Na sexta-feira à noite a empresa ativou um plano de contingência para assegurar o transporte dos passageiros da ligação fluvial, entre o Barreiro e Lisboa, de forma alternativa, explicando que a última ligação ocorreu às 23:30 devido à falta de mestre.

"Com o objetivo de minimizar o impacto da suspensão desta ligação fluvial, a partir das 23:30 (de sexta-feira), encontra-se ativo o plano de contingência para o início da madrugada de sábado", refere a empresa numa mensagem na sua página oficial.

Plano de contingência

O plano de contingência consiste na realização de carreiras extra entre o Cais de Sodré e o Seixal, às 00:15, 01:15 e 02:15, sendo depois efetuada a ligação entre o terminal do Seixal e o terminal do Barreiro através de táxi.

Para o fim de semana, a empresa explica que a primeira ligação entre as duas margens está prevista para as 07:25 (sentido Barreiro/Lisboa) e a última às 22:55 (Lisboa/Barreiro).

O STFCMM entregou um pré-aviso de greve, a todo o trabalho extraordinário, a partir do dia 06 de julho, bem como um pré-aviso de greve entre as 00:00 do dia 08 de julho e as 24:00 horas do dia 10 de julho.

Devido à greve de três dias agendada para o início da próxima semana, a Soflusa refere que foram decretados serviços mínimos pelo Tribunal Arbitral do Conselho Económico e Social.

Os serviços mínimos consistem em duas carreiras em cada sentido. Entre Barreiro e Lisboa será às 00:30 e 05:05, e no sentido contrário às 01:00 e às 05:30.

"Durante interrupção, os terminais fluviais estão encerrados, por motivos de segurança", frisa.Devido à greve na Soflusa, a empresa vai reforçar a oferta na Transtejo, na ligação do Seixal, até às 24:00, vai ter transporte rodoviário entre o Terminal fluvial do Barreiro e o Terminal fluvial do Seixal, o parque de estacionamento será gratuito no terminal do Seixal e a carreira 6 dos Transportes Coletivos do Barreiro, que faz a ligação com o terminal ferroviário da Fertagus.

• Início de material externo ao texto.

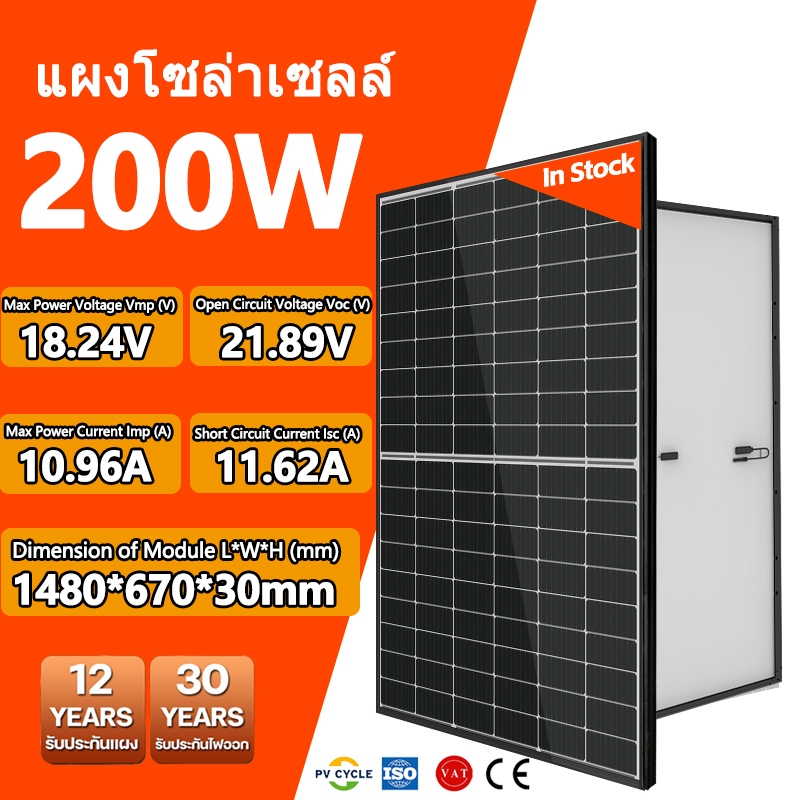 【รับประกัน 10 ปี】แผงโซล่าเซลล์ 200W Monocrystalline แผงโซล่า แผงพลังงานแสงอาทิตย์ พร้อมตัวเชื่อมต่อ 
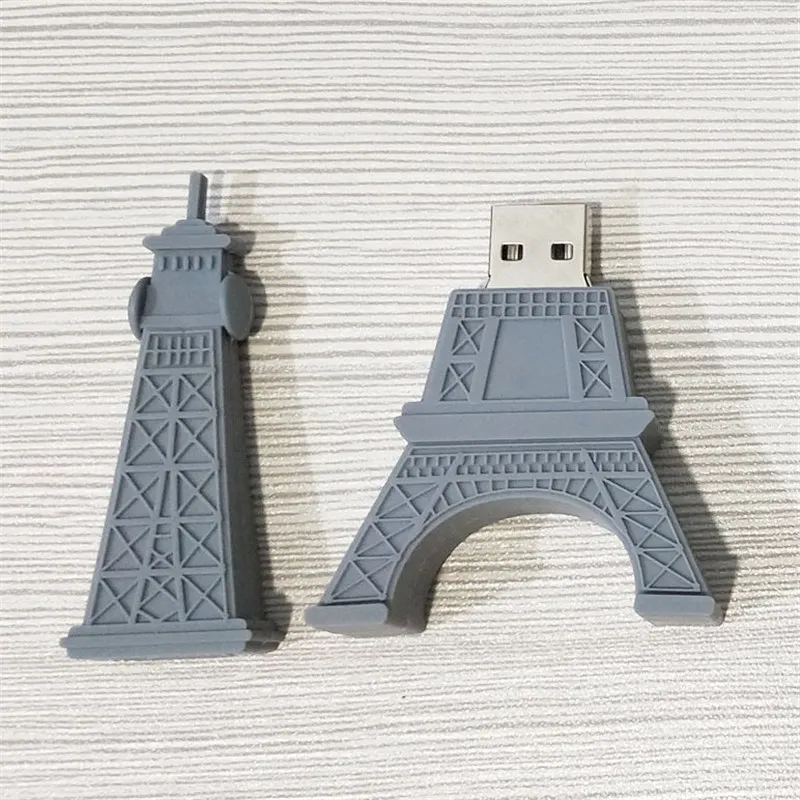 Флешка Эйфелева ручка Башня диск 64 ГБ 32 4 8 16 Usb флеш накопитель мультфильм милый U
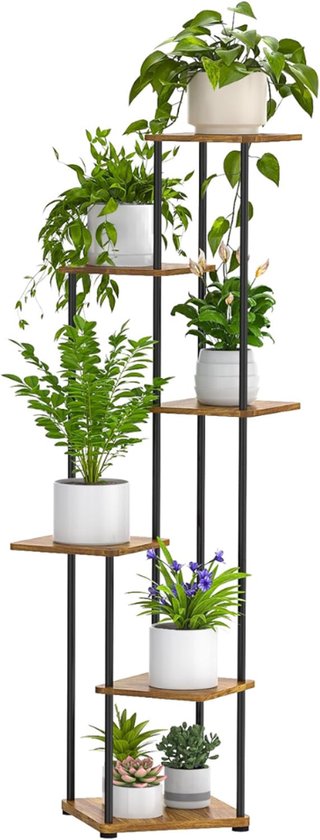 ZRNS® Plantentafel - Plantenstandaard voor Binnen - Plantenzuil - Plantenrek - 6-laags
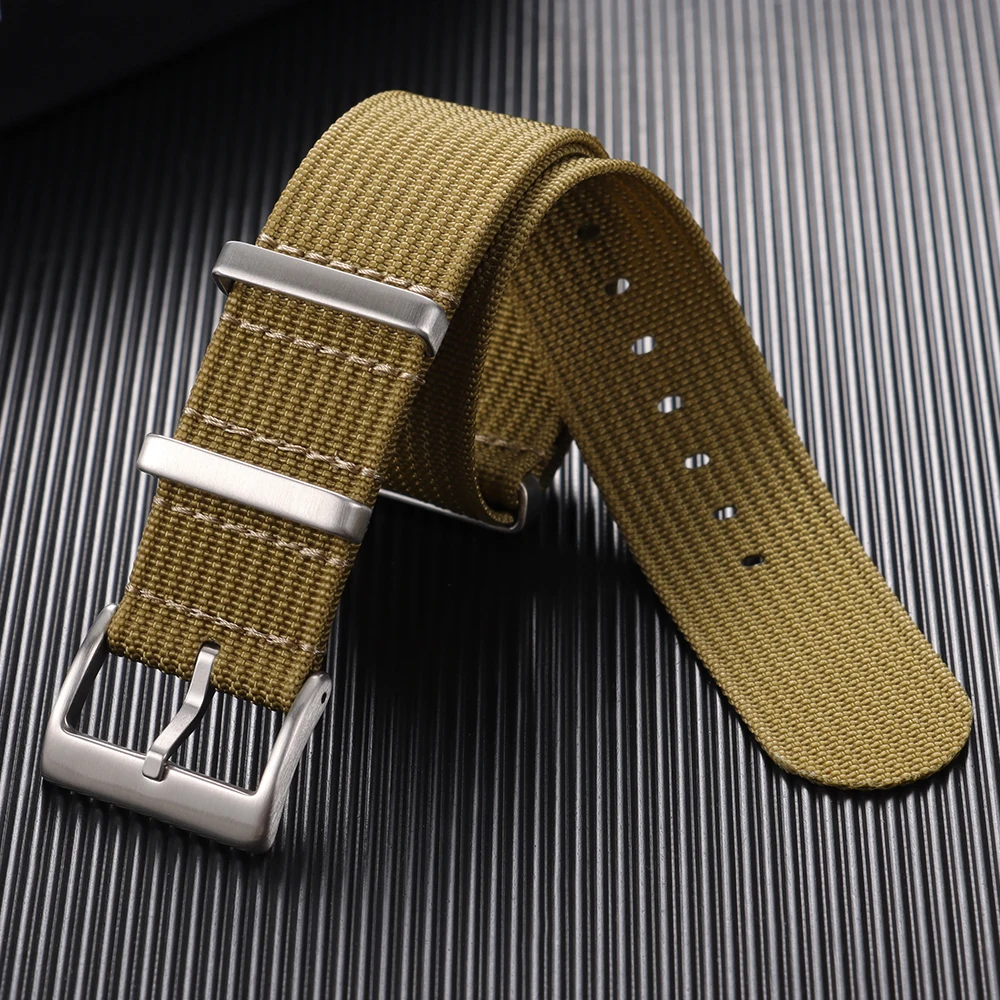 Ribbed Nylon Watch Band - Comfortable, Washable Military-Style Strap for Men & Women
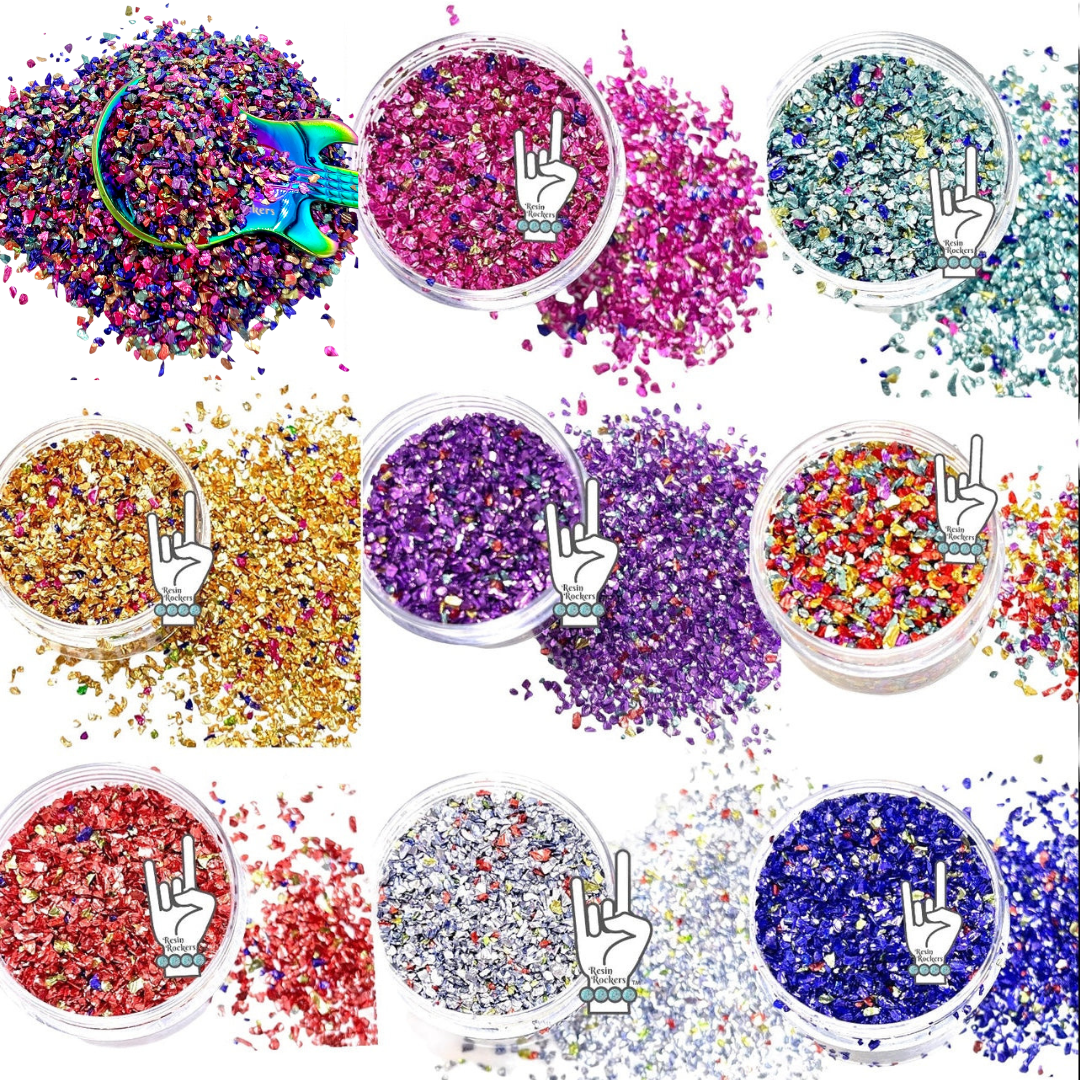 Resin Rockers Premium Grade German Glass Glitter Mix Bundle for Epoxy and UV Resin Art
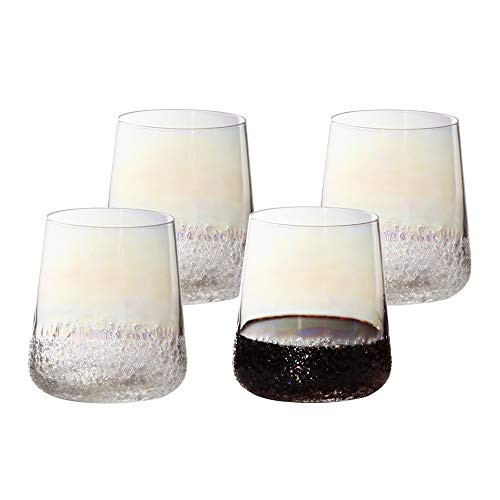 Bliss wine Iridescent Handmade Radiance Dof- 16 OZ Drinking Glass  Set of 4 For Everyday and Entertaining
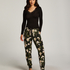 Jersey Long-sleeved Pyjama Top, Black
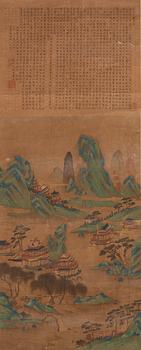 A Chinese scroll painting, ink and colour on paper, Qing dynasty after Wen Zhenming.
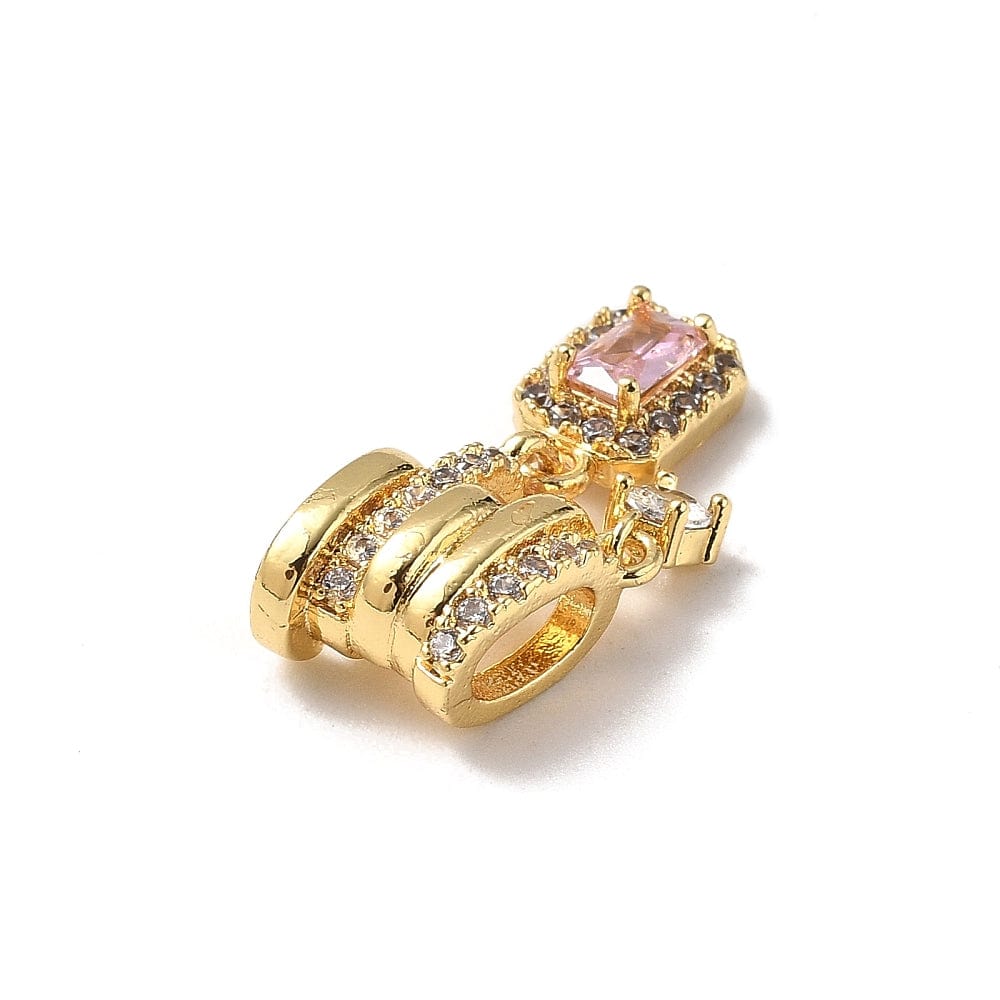 Vedhæng, 18K forgyldt med zirkonia (21mm) - Uniq Perler - 115508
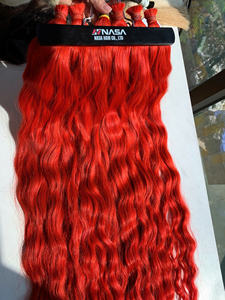 Prix de gros 32 pouces Extensions de cheveux crus vietnamiens Double noyer 100g en rouge vif-en vrac - Product Image 5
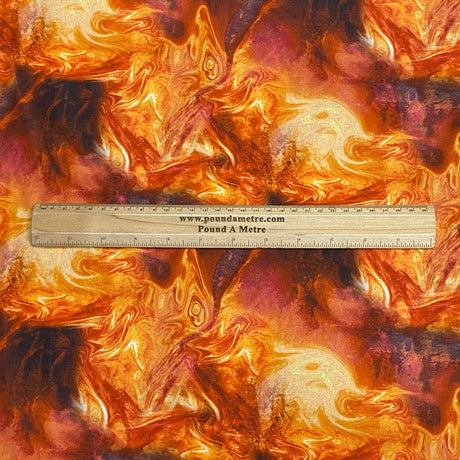 Per Metre 100% Digital Cotton Print - (Flame Dance)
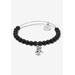 Women's Natural Black Onyx Silvertone Elephant Charm Bangle, 7.5 Inches by PalmBeach Jewelry in Black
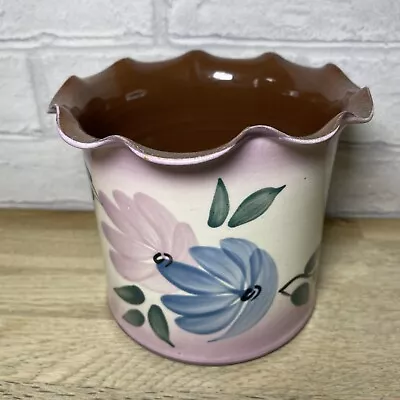 Vintage Holkham Pottery Cyril Ruffles Floral Pattern Planter Plant Pot H 12 Cm • £9.99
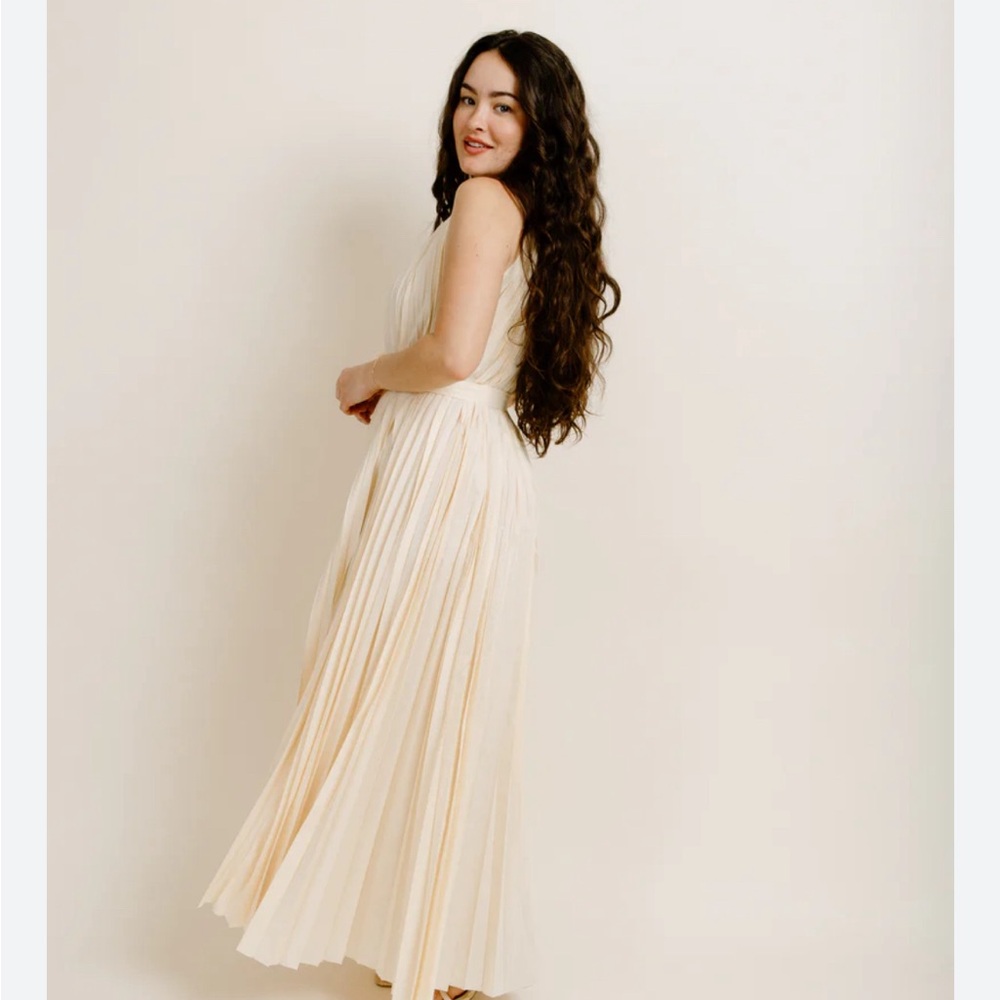 Pleated cream midi dress // tie neck detail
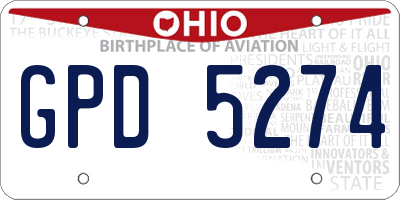 OH license plate GPD5274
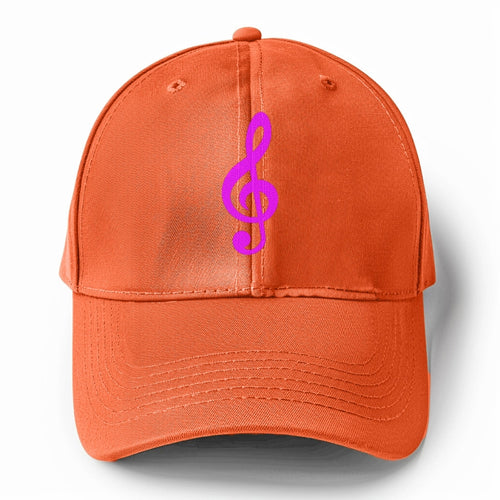 Retro 80s Music Note Purple Solid Color Baseball Cap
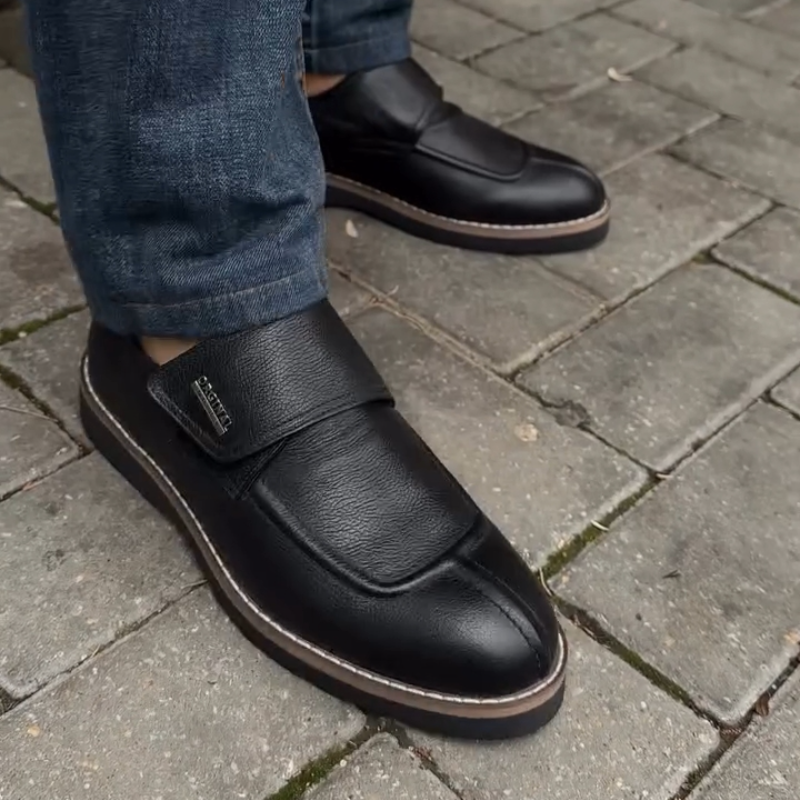 Handcrafted Leather Velcro Loafers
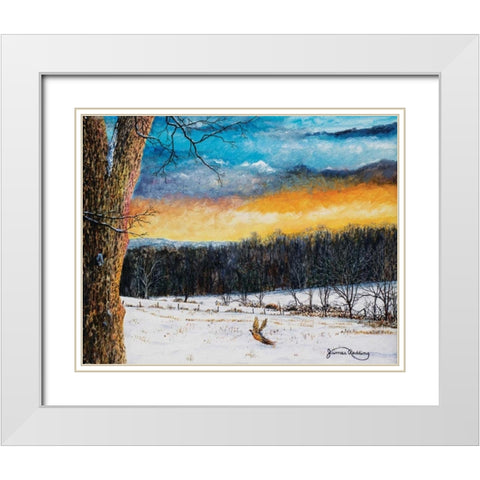 Fiery Sky White Modern Wood Framed Art Print with Double Matting by Redding, James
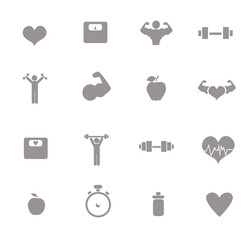 Fitness icons on white background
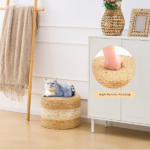 Handmade Woven Foot Stool Natural Water Hyacinth Ottoman for Home Decor & Seating White - Image 5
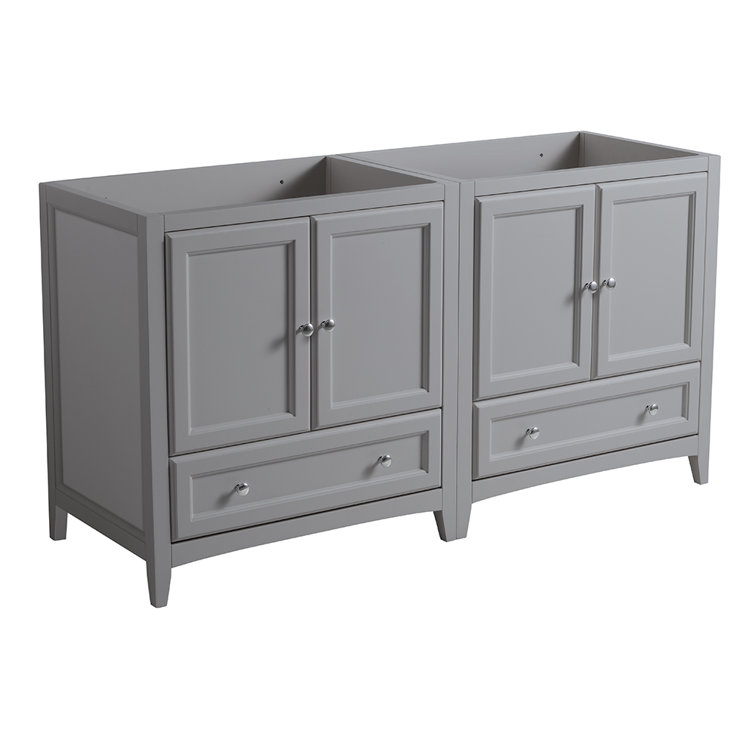 Gray 59" Double Freestanding Engineered Wood Vanity Base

"O título de transporte, válido na ligação fluvial do Barreiro, pode ser utilizado nas ligações fluviais de Montijo, Seixal e Cacilhas", conclui.Na semana passada, a empresa explicou que "a regularidade do serviço só pode ser assegurada com recurso à prestação de trabalho suplementar pelos mestres".

Além da paralisação do trabalho extraordinário, o STFCMM entregou também um pré-aviso de greve de três dias, entre as 00:00 de segunda-feira e as 24:00 de quarta-feira. Já para quinta-feira, está marcada uma reunião entre a administração e o STFCMM.